YOUR OBJECTIVE → From the records below, output exactly the lines running from the line containing "Após estreia de" through the line containing "Hyundai Tucson 2019 Gray - 1", and no others.

PROVIDED RECORDS →
--*--

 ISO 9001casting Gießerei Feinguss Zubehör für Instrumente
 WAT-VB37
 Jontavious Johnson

--*--

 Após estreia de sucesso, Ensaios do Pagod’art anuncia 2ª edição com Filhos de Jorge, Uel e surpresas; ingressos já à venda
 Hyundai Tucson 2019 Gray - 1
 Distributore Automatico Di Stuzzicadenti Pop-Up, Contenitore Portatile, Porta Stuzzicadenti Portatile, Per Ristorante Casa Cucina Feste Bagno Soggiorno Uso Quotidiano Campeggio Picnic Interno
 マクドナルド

--*--

REPLY →
 Após estreia de sucesso, Ensaios do Pagod’art anuncia 2ª edição com Filhos de Jorge, Uel e surpresas; ingressos já à venda
 Hyundai Tucson 2019 Gray - 1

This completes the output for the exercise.